January 8, 2009
CBOT Soy Outlook on Thursday: Down 7-9 cents; follow-through technical sales
Chicago Board of Trade soybean futures are poised for a lower start to Thursday's day session, pressured by follow-through technical selling and trade positioning ahead of index-fund rebalancing.
CBOT soybean futures are called 7 cents to 9 cents lower.
In overnight electronic trading, March soybeans finished 6 1/4 cents lower at US$9.83 3/4. March soymeal was US$0.60 lower at US$294.90 per short tonne, while March soyoil ended 55 points lower at 35.63 cents per pound.
The market is technically overbought and with estimates that index funds need to sell in the area of 4,500 soybean contracts to rebalance their portfolios, buyers are seen taking a breather, a CBOT floor analyst said. A deepening U.S. recession is seen adding some macroeconomic pressure on prices as well, he added.
However, supportive underlying fundamentals, with falling South American crop forecasts, slightly drier weather outlooks for Argentina and solid underlying export demand, are underpinning features, analysts said.
A market technician said the next upside price objective for March soybeans is to push and close prices above solid technical resistance at US$10.50 a bushel. The next downside price objective is pushing and closing prices below solid technical support at last week's low of US$9.36 a bushel.
First resistance for March soybeans is seen at US$10 and then at Wednesday's high of US$10.23. First support is seen at Wednesday's low of US$9.88 1/2 and then at US$9.76 3/4.
The DTN Meteorlogix weather forecast said a chance for better shower activity in Argentina appears to be confined to a 36- to 48-hour period centered on next Monday. This is less than indicated on yesterday's maps and means the prospects for better rainfall are more uncertain today.
The National Commodities Supply Corp, or Conab, said Brazil should harvest 57.7 million metric tonnes of soybeans in the 2008-09 crop year. The number is 3.8% below the 60 million tonnes from the 2007-08 soy crop, as well as below Conab's previous estimate on Dec. 8 that put the soy crop at 58.8 million tonnes for 2008-09.
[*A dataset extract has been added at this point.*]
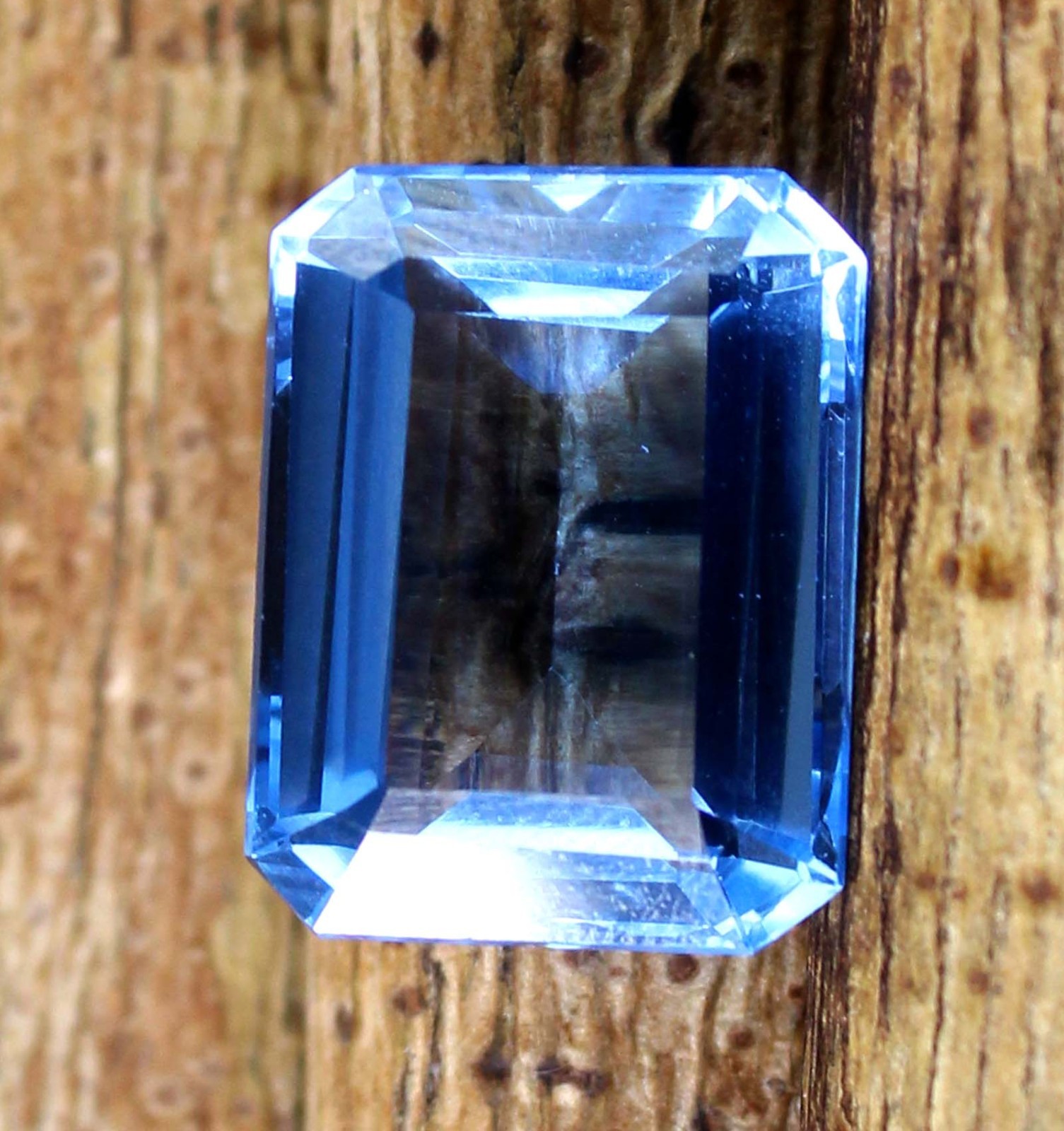 Natural 14.85 Ct Emerald Cut Aquamarine Gemstone Certified T27586 Free Shipping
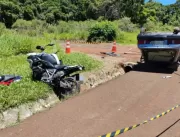 Motociclista e garupa são arremessados após carro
U.S. Department of Agriculture reported total weekly soybean-export sales were a net 551,100 metric tonnes for the week ended Jan. 1. Sales for 2008-09 were a net 529,700 metric tonnes. Analysts had forecast sales between 375,000 and 500,000 metric tonnes. The primary buyer was China with 444,500 metric tonnes. Soymeal sales were a net 19,700 tonnes, below trade estimates ranging from 30,000 to 100,000 tonnes. Soyoil commitments were 3,500 metric tonnes. Analysts had forecast sales between zero and 10,000 tonnes.
USDA also announced private exporters reported export sales of 120,000 metric tonnes of soybeans for delivery to China during the 2008/2009 marketing year, the USDA said Thursday.
U.S. Census Bureau Thursday downwardly revised its November soyoil stocks estimate to 2.542 billion pounds from its preliminary estimate of 2.562 billion pounds, according to the Census Bureau's Fats and Oils stocks report.
In deliveries, January soybean deliveries totaled 77 lots. The house account at ADM Investor Services stopped 76 lots. The last trade date assigned was Jan. 5.
January soyoil deliveries totaled 811 lots. Issuers and stoppers were scattered among various commission houses. The last trade date assigned was Jan. 7.
In overseas markets, China's soybean futures traded on the Dalian Commodity Exchange settled lower Thursday, pressured by the fall in CBOT and crude-oil prices overnight. The new benchmark September 2009 soybean contract settled RMB61 lower at RMB3,286 a metric tonne, or down 1.8%.
Crude palm oil futures on Malaysia's derivatives exchange fell as much as 6.1% Thursday on technical selling and profit-taking, said trade participants. The benchmark March contract on Bursa Malaysia Derivatives ended MYR120 lower at MYR1,865 a metric tonne.